## Brief
Output the lines from the top of the entries below to the line with "Radiator - support - rubber", both included, exactly and without pictures.

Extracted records
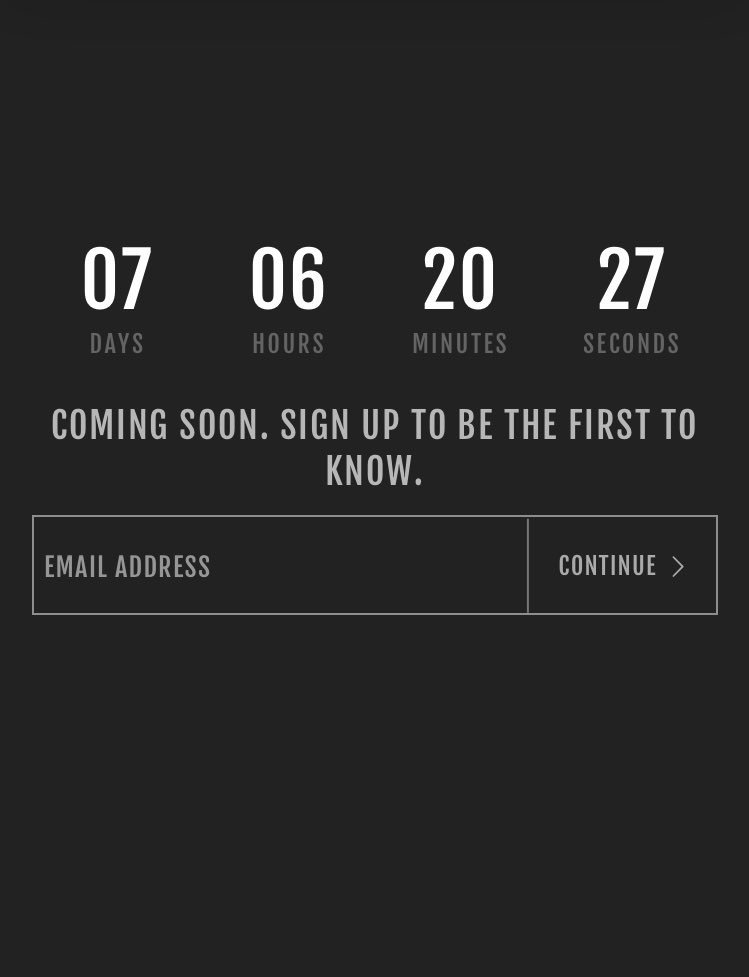 GomezSource's tweet photo. Just over a week to go! Get ready to be snatched, hold onto your wigs 😭🙌 https://t.co/5DkU63tqUI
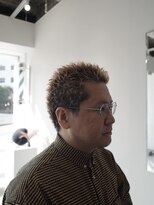 プールサイド(POOLSIDE)&nbsp;ボウズ　メンズカット　ベリーショート　博多区　吉塚　千代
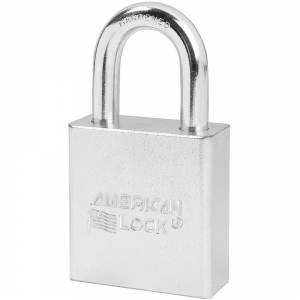 AMERICAN LOCK A6200 SOLID BODY PADLOCK
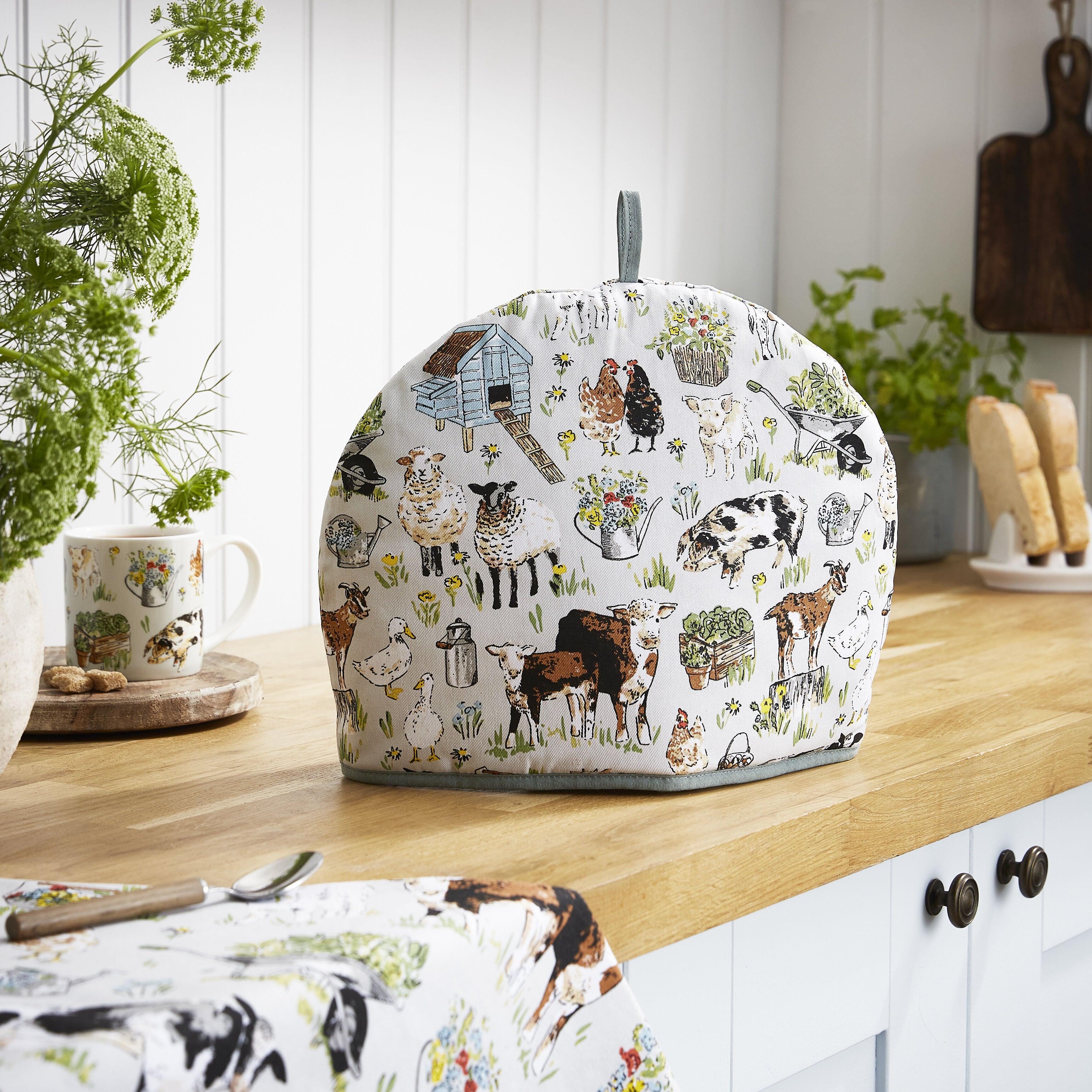 Portman Farm Tea Cosy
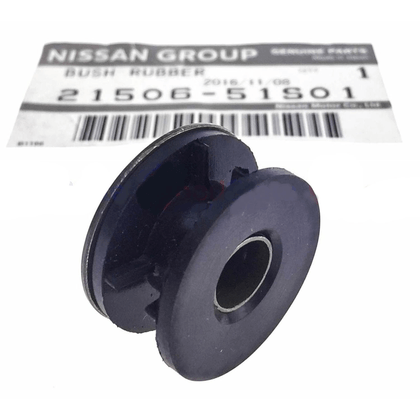 Radiator - support - rubber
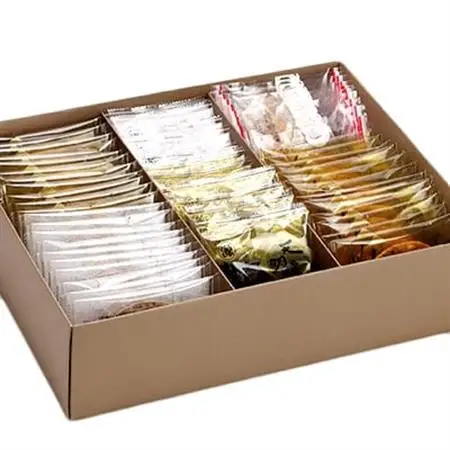 天明焼　煎餅詰め合わせ(6種類　計57枚)_せんべい 煎餅 おせんべい 詰合せ 天明焼 加藤米菓 おすすめ 人気 送料無料 贈答 ギフト プレゼント 醤油煎餅 ごま煎餅 ざらめ煎餅 海苔煎餅 おやつ お菓子 栃木県 佐野市_【1059511】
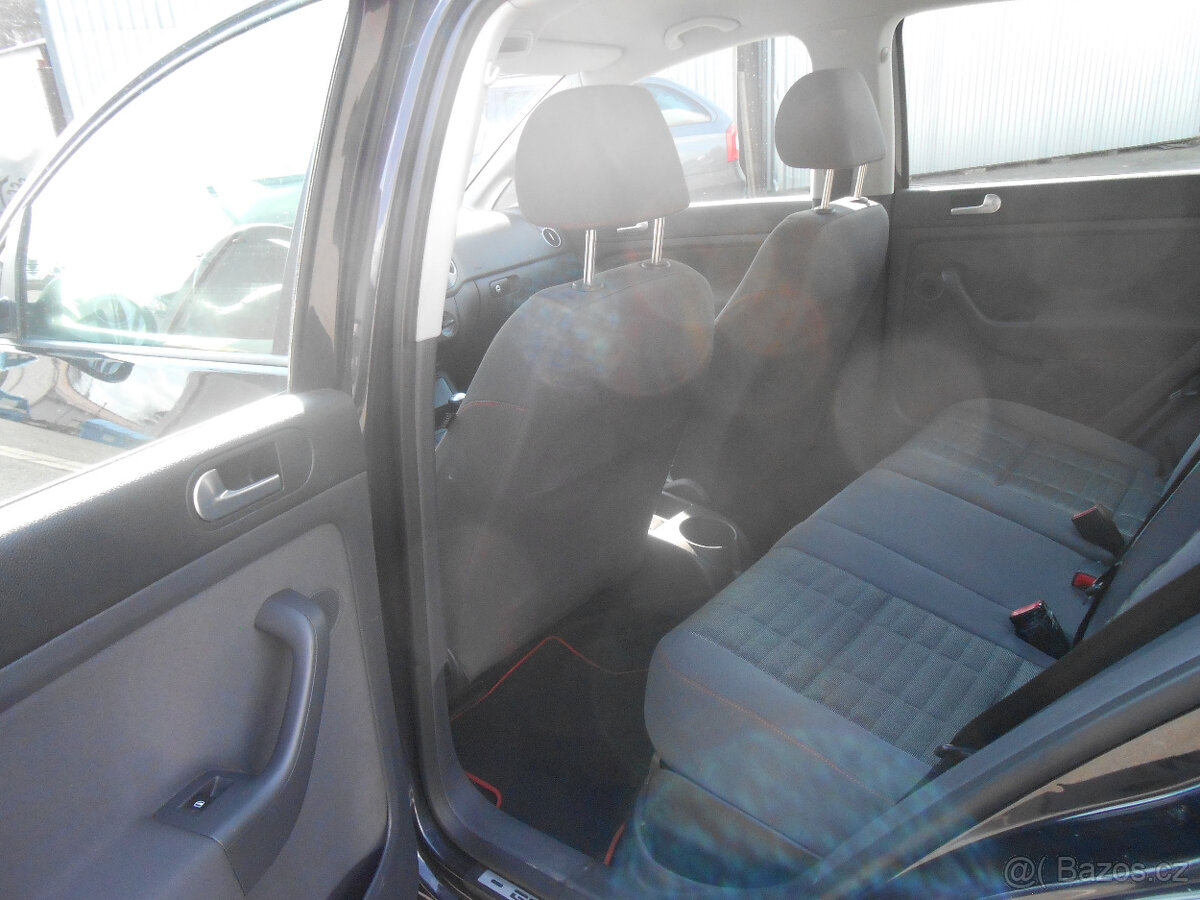 Volkswagen Golf Plus 1.4i 59Kw - 15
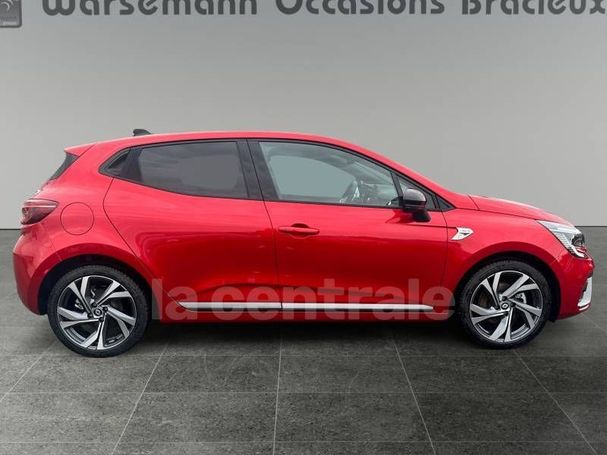 Renault Clio TCe 140 103 kW image number 11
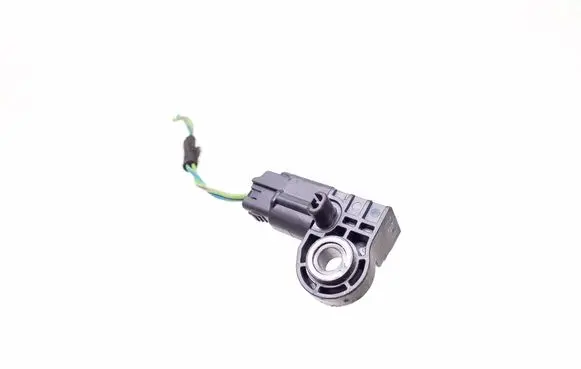 Airbag deployment crash/impact sensor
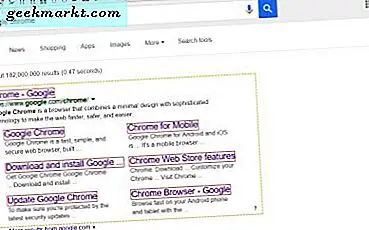 Google Chrome में एक बार में एकाधिक वेबसाइट पेज कैसे खोलें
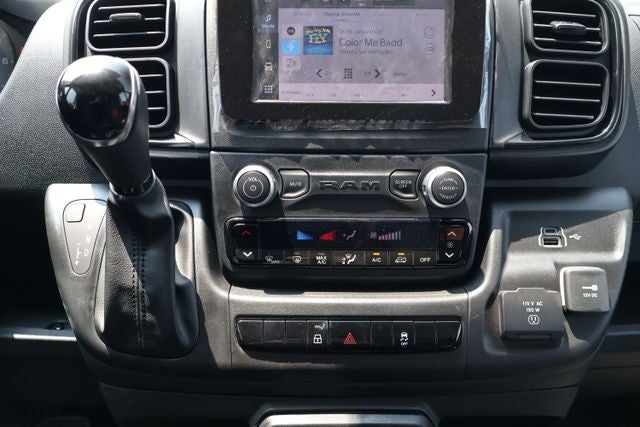 2026 RAM Ram ProMaster Low Roof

## Completed exercise
 GomezSource's tweet photo. Just over a week to go! Get ready to be snatched, hold onto your wigs 😭🙌 https://t.co/5DkU63tqUI
 プールサイド(POOLSIDE)&nbsp;ボウズ　メンズカット　ベリーショート　博多区　吉塚　千代
 AMERICAN LOCK A6200 SOLID BODY PADLOCK
 Portman Farm Tea Cosy
 Radiator - support - rubber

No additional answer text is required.